* _WORK TO COMPLETE_:
Output the records exactly, and drop each picture.

[Short descriptive text snippets]
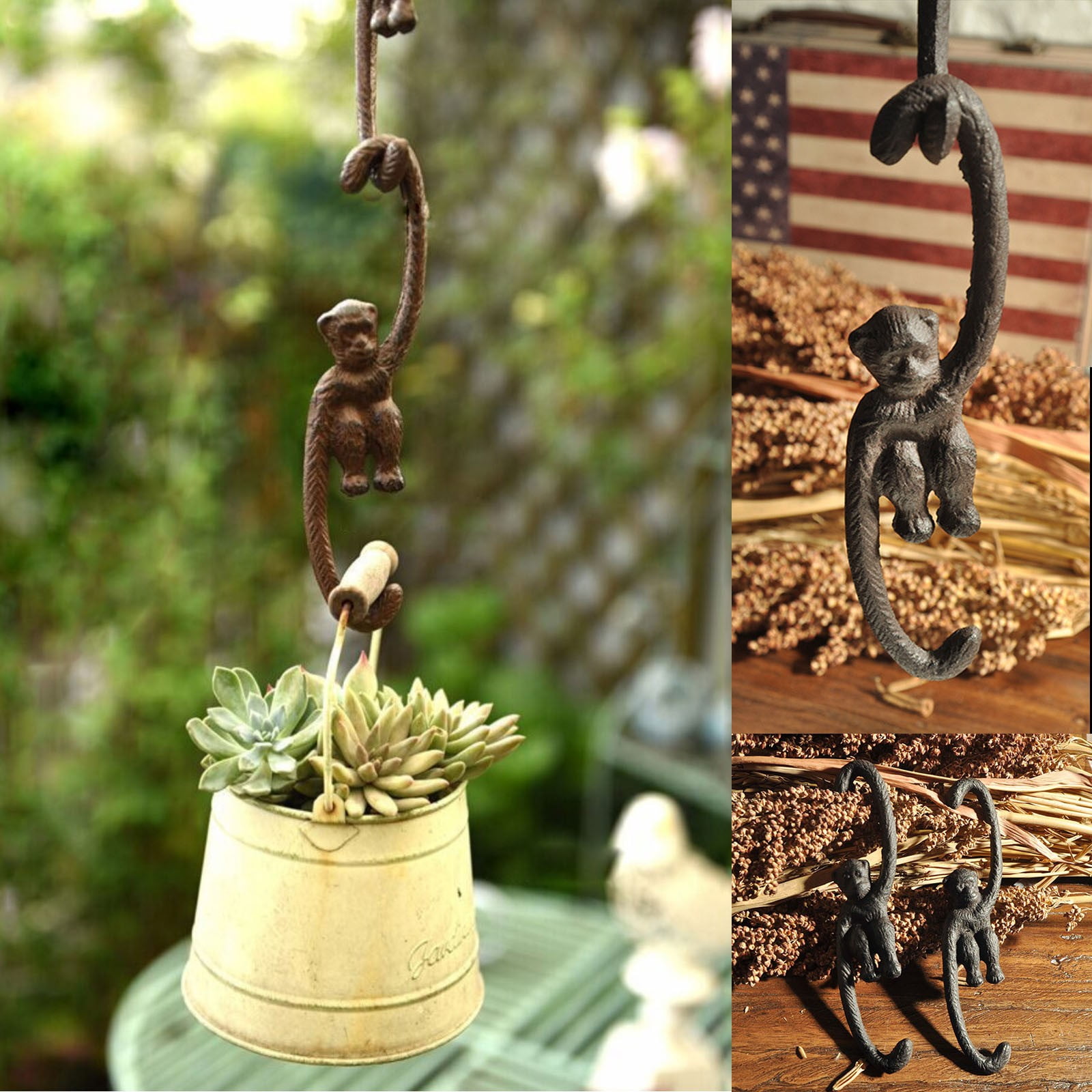 Hanzidakd Hooks Garden Animal Hook Garden Grocery S Gibbon Hook Metal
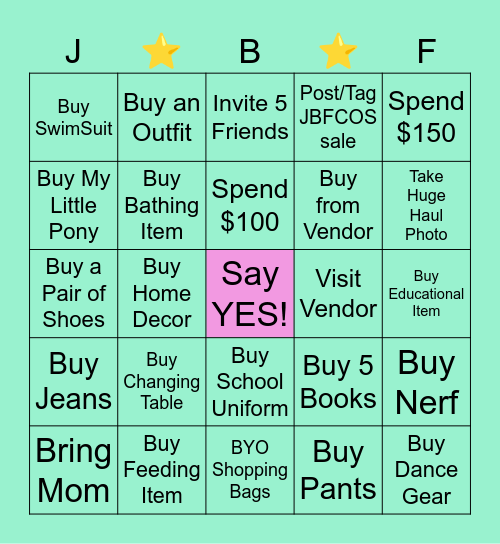 September 2026 JBFCOS Bingo Card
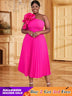 rose big flower one shoulder dress for women plus size pleated dress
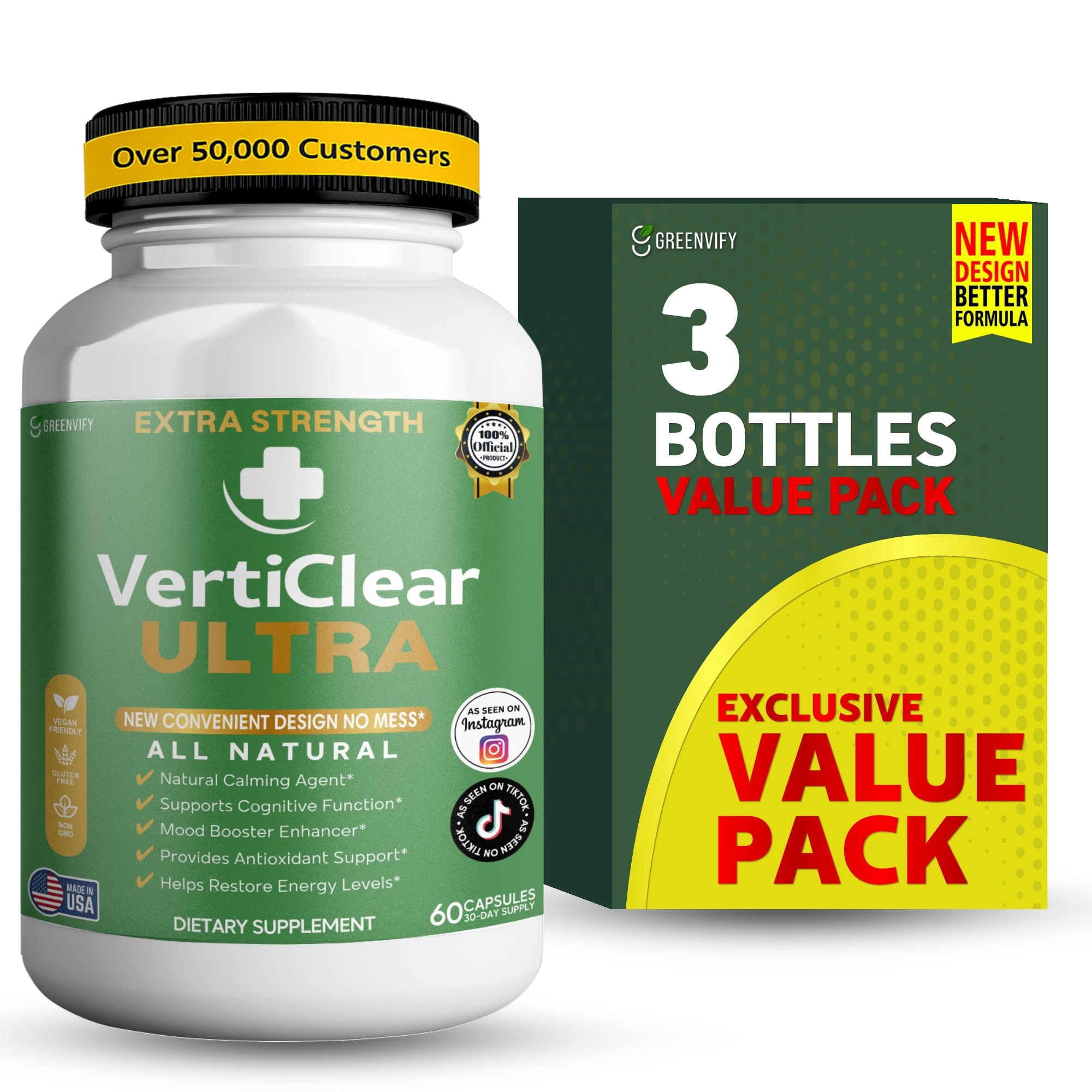 GreenVify VertiClear Ultra Dietary Supplement Capsules – Balance & Daily Nutritional Supplement for Adults – Easy-to-Swallow Capsules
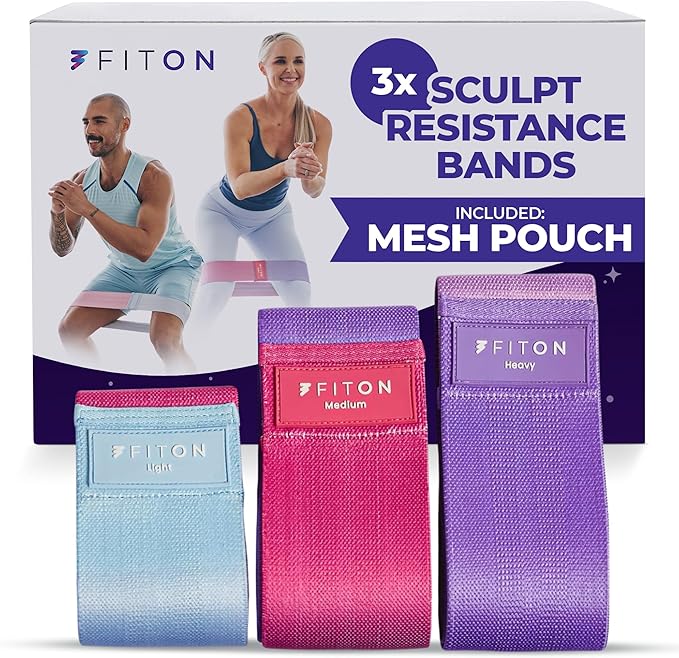 FitOn Sculpt Resistance Bands for Exercise - Workout Bands Set for Women and Men, Non-Slip Yoga & Pilates Equipment with Knitted Rubber, Home Fitness Gear for Thighs, Glutes, Legs, 3-Pack, Multi-Color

* _EXERCISE RESPONSE_:
 Hanzidakd Hooks Garden Animal Hook Garden Grocery S Gibbon Hook Metal
 September 2026 JBFCOS Bingo Card
 rose big flower one shoulder dress for women plus size pleated dress
 GreenVify VertiClear Ultra Dietary Supplement Capsules – Balance & Daily Nutritional Supplement for Adults – Easy-to-Swallow Capsules
 FitOn Sculpt Resistance Bands for Exercise - Workout Bands Set for Women and Men, Non-Slip Yoga & Pilates Equipment with Knitted Rubber, Home Fitness Gear for Thighs, Glutes, Legs, 3-Pack, Multi-Color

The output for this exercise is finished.